Quanto al referendum parzialmente abrogativo della nuova legge italiana sulle unioni civili annunciato da alcuni esponenti dello schieramento politico italiano di centro-destra per evitare l’equiparazione di fatto delle unioni civili al matrimonio, le adozioni gay e la stepchild adoption, (un’iniziativa sostanzialmente orientata a bloccare anche ogni possibilità di pratica di utero in affitto), il presidente della Conferenza episcopale italiana ha detto che si trattava di iniziative «doverosamente portate avanti dai laici», annunciando però che non ci sarebbe stata alcuna mobilitazione ufficiale della Conferenza episcopale. E infatti il referendum non si è fatto.
Papa Francesco, in un’intervista al quotidiano cattolico francese «La Croix» (16 maggio 2016) ha «consigliato» una strada da seguire (che non è citata oggi oggi dal documentario): l’obiezione di coscienza dei funzionari chiamati a registrare le unioni omosessuali. Alla domanda: «In un contesto laico, come i cattolici dovrebbero difendere le loro preoccupazioni su materie quali l’eutanasia o il matrimonio tra persone dello stesso sesso?», questa è stata la risposta del papa: «È al Parlamento che spetta discutere, argomentare, spiegare, ragionare. Così cresce una società . Una volta che la legge è votata, lo Stato deve rispettare le coscienze. In ogni struttura giuridica, l’obiezione di coscienza deve essere presente, perchè è un diritto umano. Anche per un funzionario pubblico, che è una persona umana”.
Eppure nel corso della visita negli Usa del settembre 2015, l’allora nunzio Carlo Maria Viganò aveva presentato al Papa una donna, funzionario di stato civile, che aveva fatto obiezione di coscienza negli Usa, ma l’iniziativa non fu considerata particolarmente felice da parte del Papa che aveva invece parallelamente accordato un colloquio privato ad un suo ex alunno argentino gay e al suo compagno.
Due notazioni geopolitiche infine. Innanzitutto il documentario presentato oggi a Roma è opera del regista russo Evgeny Afineevsky, candidato all’Oscar, e se c’è una chiesa cristiana contraria fortemente alle unioni omosessuali , essa è sicuramente la Chiesa ortodossa russa (con pieno appoggio di Putin). Quindi queste nuove dichiarazioni del Papa lo allontaneranno ulteriormente da Mosca.

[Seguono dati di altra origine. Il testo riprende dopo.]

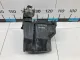 Корпус блока предохранителей для  BMW 7-serie E32 1986-1994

In secondo luogo, casualmente, il documentario è stato presentato alla vigilia della proroga dell’accordo provvisorio tra Vaticano e Cina sulla nomina dei vescovi (che, lungamente prevista, sarà ufficialmente annunciata domani, data in cui ricorrono i due anni della prima firma).
Continua l’esperimento cinese, ma ormai è chiaro che l’Ostpolitik di Oltretevere non guarda più alla Russia, ma più ad Oriente.